Trader harian akan mengamati volume di sekitar level tersebut. Volume tinggi di resistance menandakan aksi profit taking yang wajar.
Tekanan Margin Bunga yang Sudah Dihitung Pasar
Penurunan NIM dinilai masih mungkin terjadi. Penyebabnya antara lain kredit suku bunga tetap dan semitetap, ekspansi korporasi, serta imbal hasil PNM.
Namun risiko itu sudah diantisipasi pasar. Harga saham BBRI dinilai telah memasukkan skenario tekanan margin tersebut.
Fokus kini beralih ke kemampuan manajemen menekan biaya dana. Keberhasilan di area itu akan menjadi penentu arah harga di kuartal berikutnya.
Tanya Jawab: Ramalan Nasib Saham BBRI
Apa yang memicu penguatan saham BBRI pada 20 Juli 2026?
Upgrade rekomendasi JP Morgan dan net buy asing Rp93,36 miliar menjadi pemicu utama. Volume tinggi serta lima sesi hijau beruntun memperkuat sentimen positif.
Bagaimana prospek NIM BBRI ke depan?
CGS melihat peluang perbaikan dari penempatan dana SAL di bank Himbara.
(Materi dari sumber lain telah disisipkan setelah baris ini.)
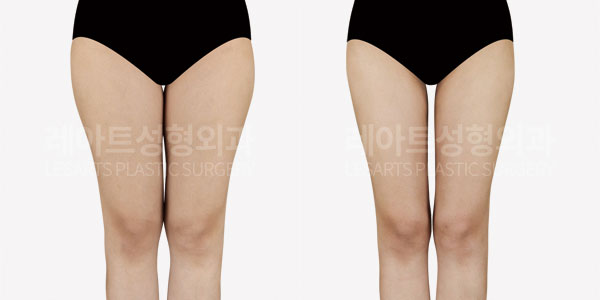 thigh liposuction before and after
Tekanan dari kredit fixed rate sudah diperhitungkan pasar sehingga dampaknya terbatas.
Level teknikal mana yang harus diwaspadai investor?
Resistance 3.070 dan 3.120 serta support 2.980 dan 2.940 menjadi acuan CGS untuk sesi 21 Juli 2026. Penembusan salah satu level bisa menentukan arah jangka pendek.
Optimaise News akan terus memantau realisasi laporan 2Q26 dan pergerakan asing di saham BBRI bank rakyat untuk pembaruan berikutnya.